(Records contained in a dataset)
╭──
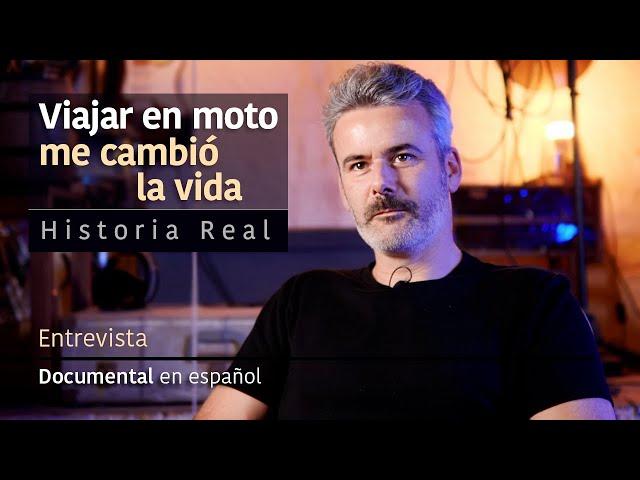 Viajar en Moto me Cambió la Vida "" Entrevista / Documental de motos en Español. Kike par.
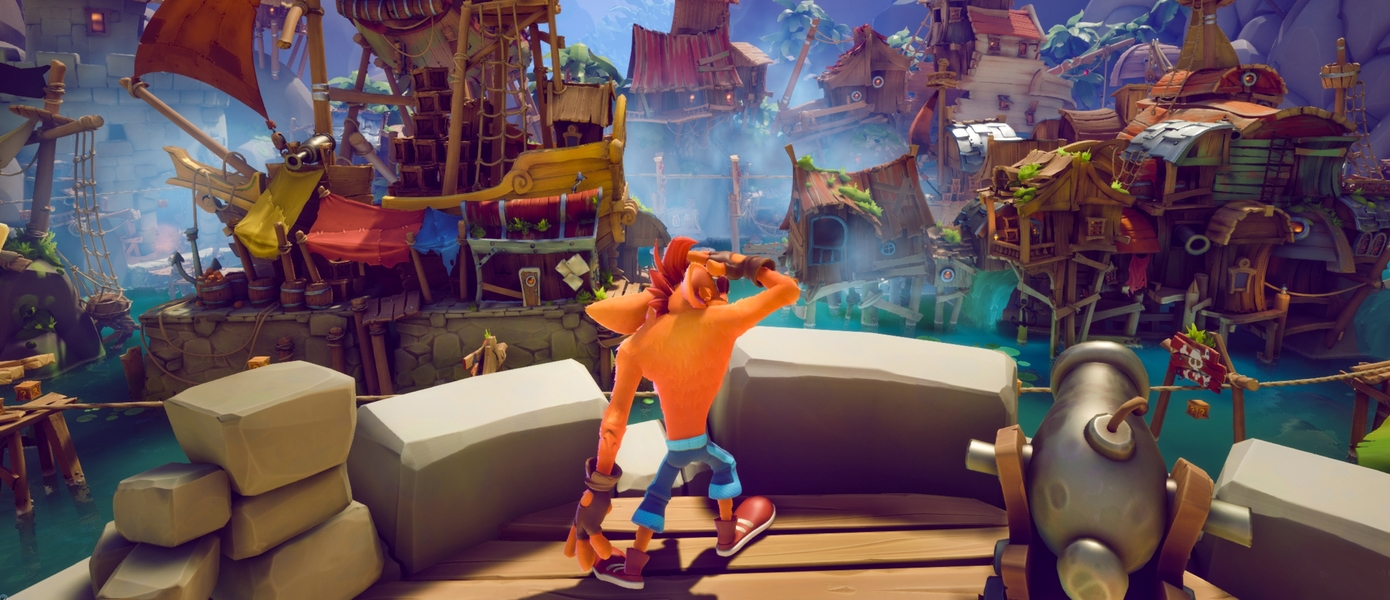 Графика впечатляет: Новый пиратский уровень Crash Bandicoot 4: It's About Time название игры показали на видео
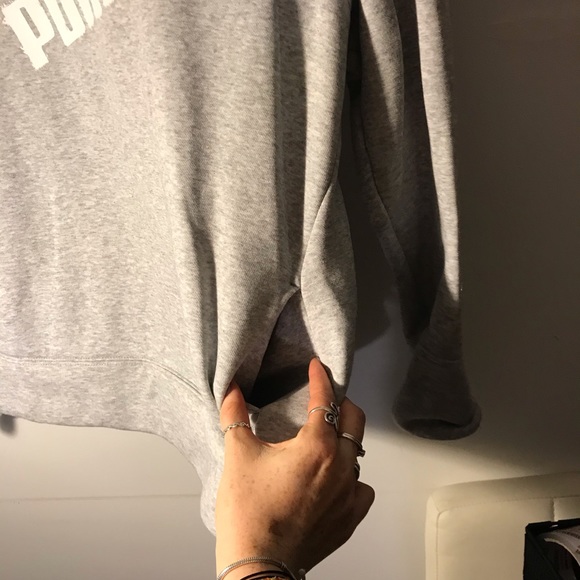 Light grey Puma cowl/turtleneck sweater - Picture 2 of 5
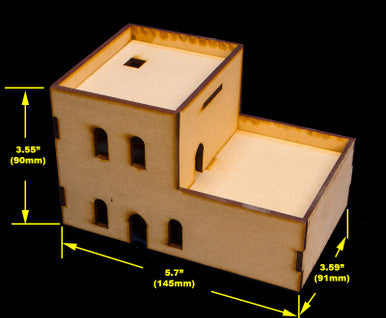 Middle East Two Story Building With Removable Roof (MDF) - 15MMDF121-R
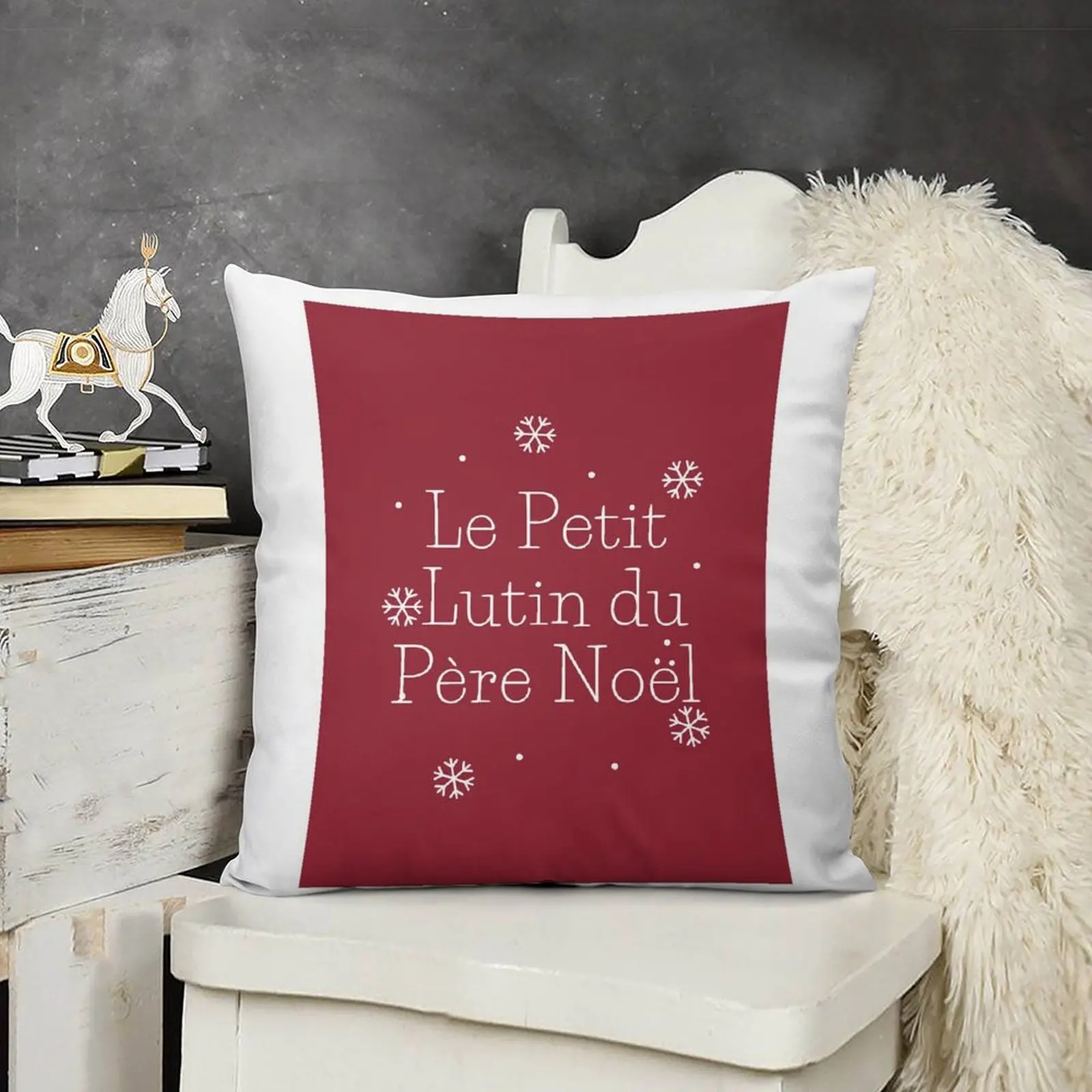 Роскошная декоративная подушка для украшения осени Le petite lutin du Pere No?l.père No?l.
╰──
* _PROBLEM_
Set down, exactly as written, each line from the one that contains "Графика впечатляет: Новый" to the last line of the records, but none of the pictures.

* _SOLUTION FOR THIS EXERCISE_
 Графика впечатляет: Новый пиратский уровень Crash Bandicoot 4: It's About Time название игры показали на видео
 Light grey Puma cowl/turtleneck sweater - Picture 2 of 5
 Middle East Two Story Building With Removable Roof (MDF) - 15MMDF121-R
 Роскошная декоративная подушка для украшения осени Le petite lutin du Pere No?l.père No?l.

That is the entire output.